Daimon e guida, Anna Perenna, triste, rumorosa, bizzarra, sardonica, addolorata, piena di speranza e di remissione, sempre maligna, prende per mano il poeta e lo conduce pei sentieri ingombri dalle spine e dai fiori della memoria, lungo la sua terra natale. Ed è l'epirema vivo costante, che precede, col parco motivo della leggenda e del ricordo, le tredici novelle dedicate al suo nome, come ad una famigliare divinità, dall'altri non riconosciuta, ma perpetua al pensiero ed alla riverenza del Beltramelli.

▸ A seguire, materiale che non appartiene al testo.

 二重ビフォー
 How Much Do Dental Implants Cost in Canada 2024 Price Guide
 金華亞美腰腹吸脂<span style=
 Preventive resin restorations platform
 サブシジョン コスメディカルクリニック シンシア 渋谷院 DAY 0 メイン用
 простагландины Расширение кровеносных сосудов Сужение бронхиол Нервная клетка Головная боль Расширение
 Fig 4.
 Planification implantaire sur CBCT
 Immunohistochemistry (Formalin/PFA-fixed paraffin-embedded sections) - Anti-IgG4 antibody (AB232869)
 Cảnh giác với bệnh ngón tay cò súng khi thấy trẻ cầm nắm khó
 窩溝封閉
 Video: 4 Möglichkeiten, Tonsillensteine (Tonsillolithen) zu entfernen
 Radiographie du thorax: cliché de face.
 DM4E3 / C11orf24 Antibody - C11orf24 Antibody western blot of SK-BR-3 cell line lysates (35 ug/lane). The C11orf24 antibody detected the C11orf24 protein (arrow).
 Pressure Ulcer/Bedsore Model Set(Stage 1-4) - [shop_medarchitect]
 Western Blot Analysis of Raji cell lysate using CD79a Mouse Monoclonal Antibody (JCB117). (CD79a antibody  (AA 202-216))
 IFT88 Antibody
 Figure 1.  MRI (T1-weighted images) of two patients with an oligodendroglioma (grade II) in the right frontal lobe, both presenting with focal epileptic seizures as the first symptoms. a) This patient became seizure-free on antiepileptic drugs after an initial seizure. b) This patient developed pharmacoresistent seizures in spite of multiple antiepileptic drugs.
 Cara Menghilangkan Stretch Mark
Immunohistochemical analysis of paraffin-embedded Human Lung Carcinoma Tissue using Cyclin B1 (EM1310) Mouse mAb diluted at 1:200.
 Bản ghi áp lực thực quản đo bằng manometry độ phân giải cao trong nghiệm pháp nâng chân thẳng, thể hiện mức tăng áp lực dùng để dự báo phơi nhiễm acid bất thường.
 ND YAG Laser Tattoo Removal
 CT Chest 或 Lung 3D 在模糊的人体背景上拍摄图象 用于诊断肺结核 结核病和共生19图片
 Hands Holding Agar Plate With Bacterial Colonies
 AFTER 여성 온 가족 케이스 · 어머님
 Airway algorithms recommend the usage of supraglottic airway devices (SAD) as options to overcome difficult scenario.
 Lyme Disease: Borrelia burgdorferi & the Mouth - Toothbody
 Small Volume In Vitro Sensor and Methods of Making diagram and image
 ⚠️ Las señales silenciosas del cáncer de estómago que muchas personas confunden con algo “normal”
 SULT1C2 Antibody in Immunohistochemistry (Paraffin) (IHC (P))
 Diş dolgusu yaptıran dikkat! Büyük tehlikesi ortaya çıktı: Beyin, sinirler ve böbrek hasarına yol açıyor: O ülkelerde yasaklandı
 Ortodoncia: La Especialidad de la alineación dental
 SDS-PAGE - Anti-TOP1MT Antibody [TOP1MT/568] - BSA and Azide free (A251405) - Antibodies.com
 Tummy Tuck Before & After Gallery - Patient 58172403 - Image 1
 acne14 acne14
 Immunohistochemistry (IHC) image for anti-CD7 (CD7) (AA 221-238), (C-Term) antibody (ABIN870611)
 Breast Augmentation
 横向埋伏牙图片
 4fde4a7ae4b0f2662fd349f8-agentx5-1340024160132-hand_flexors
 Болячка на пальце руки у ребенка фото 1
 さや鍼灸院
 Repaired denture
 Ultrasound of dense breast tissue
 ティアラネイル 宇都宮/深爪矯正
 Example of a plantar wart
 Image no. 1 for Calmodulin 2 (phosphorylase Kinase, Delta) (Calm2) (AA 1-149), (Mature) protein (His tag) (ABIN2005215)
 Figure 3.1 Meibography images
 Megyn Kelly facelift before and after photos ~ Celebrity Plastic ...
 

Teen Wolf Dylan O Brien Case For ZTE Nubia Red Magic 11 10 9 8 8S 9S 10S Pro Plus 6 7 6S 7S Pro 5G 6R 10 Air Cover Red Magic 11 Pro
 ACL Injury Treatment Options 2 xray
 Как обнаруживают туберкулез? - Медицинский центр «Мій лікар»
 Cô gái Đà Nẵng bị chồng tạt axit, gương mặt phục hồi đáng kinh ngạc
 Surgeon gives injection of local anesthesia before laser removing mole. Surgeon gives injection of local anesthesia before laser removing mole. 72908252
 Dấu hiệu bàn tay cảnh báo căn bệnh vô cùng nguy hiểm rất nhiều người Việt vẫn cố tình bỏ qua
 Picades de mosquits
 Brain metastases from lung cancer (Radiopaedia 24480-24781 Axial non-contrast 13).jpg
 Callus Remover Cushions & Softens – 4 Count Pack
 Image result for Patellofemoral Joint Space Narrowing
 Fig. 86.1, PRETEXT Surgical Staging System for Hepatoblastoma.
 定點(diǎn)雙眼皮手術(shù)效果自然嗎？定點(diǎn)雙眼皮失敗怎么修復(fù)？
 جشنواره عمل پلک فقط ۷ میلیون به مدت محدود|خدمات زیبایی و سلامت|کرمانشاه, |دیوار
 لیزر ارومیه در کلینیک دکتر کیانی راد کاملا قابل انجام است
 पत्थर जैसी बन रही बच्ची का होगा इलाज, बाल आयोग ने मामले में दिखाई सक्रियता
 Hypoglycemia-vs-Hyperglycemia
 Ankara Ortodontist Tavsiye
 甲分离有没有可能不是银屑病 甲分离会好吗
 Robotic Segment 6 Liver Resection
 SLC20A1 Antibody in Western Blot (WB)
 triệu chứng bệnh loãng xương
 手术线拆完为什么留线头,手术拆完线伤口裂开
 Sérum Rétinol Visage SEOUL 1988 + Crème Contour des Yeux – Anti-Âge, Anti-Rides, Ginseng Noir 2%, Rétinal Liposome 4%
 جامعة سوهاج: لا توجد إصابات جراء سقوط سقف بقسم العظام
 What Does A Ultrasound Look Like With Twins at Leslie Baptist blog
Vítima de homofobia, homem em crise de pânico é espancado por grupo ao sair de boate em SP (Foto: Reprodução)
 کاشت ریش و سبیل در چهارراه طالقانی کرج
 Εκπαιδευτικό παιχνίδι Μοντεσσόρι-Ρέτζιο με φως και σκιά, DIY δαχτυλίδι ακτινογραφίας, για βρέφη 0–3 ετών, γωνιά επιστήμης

Evocazioni di gente fuori del comune; gente che ha dimenticato e non ha conosciuto i vincoli sociali, dissoluta nel deserto delle foreste appennine per la pineta e dentro l'acquitrino di Ravenna; nei pomerii lussureggianti dei villaggi, dai quali le vie battute si scostano; rifugiata alle radure e nelle praterie dei pascoli montani e nelle capanne a riva dei fiumi pescosi ed innominati ricciuti di spume: le belle figlie di Jadic, fragranti d'amore, inquiete d'amore, che, nel dolce Adriatico della piccola Cervia fattucchiera, concepiranno come le vergini mitologiche dalle onde; Ealistar, il passatore, forma di violenza e di forze cieche, improvvisato cavaliere di bellezza; ed altri: i Ciechi, che cantano le loro cecità, per la passione dell'allucinamento; il Fauno, che all'agguato sorprende la fanciulla; la Cerbiatta nomade e morente dopo l'abbraccio, come l'eroina di una novella del Decameron e la Tribú dei bambini vagabondi, compresa dell'incanto dell'estate, se ascende la scalea delle pendici coltivate ed opime di frutteti e vede la morte di Azurên, cantore incosciente nell'ultima luce del vespero, dopo l'ultimo canto:

S'io mi partissi e' n vi dicessi addio,
parrebbe mi partissi all'adirata.

E se mi parto vi lascio il cor mio,
che lo teniate fino alla tornata;

parafrasi del trovatore

Le corp s'en va mais le coeur vous demeure
Adieu, chère dame, adieu, jusqu'aux retours.

Tali stanno costoro in quest'opera che parrebbe del Gorki ma è piú latina e polita.

Ne riparlerò.

[In «L'Italia del Popolo», a. XIII, n. 1268, 6-7 luglio 1904.]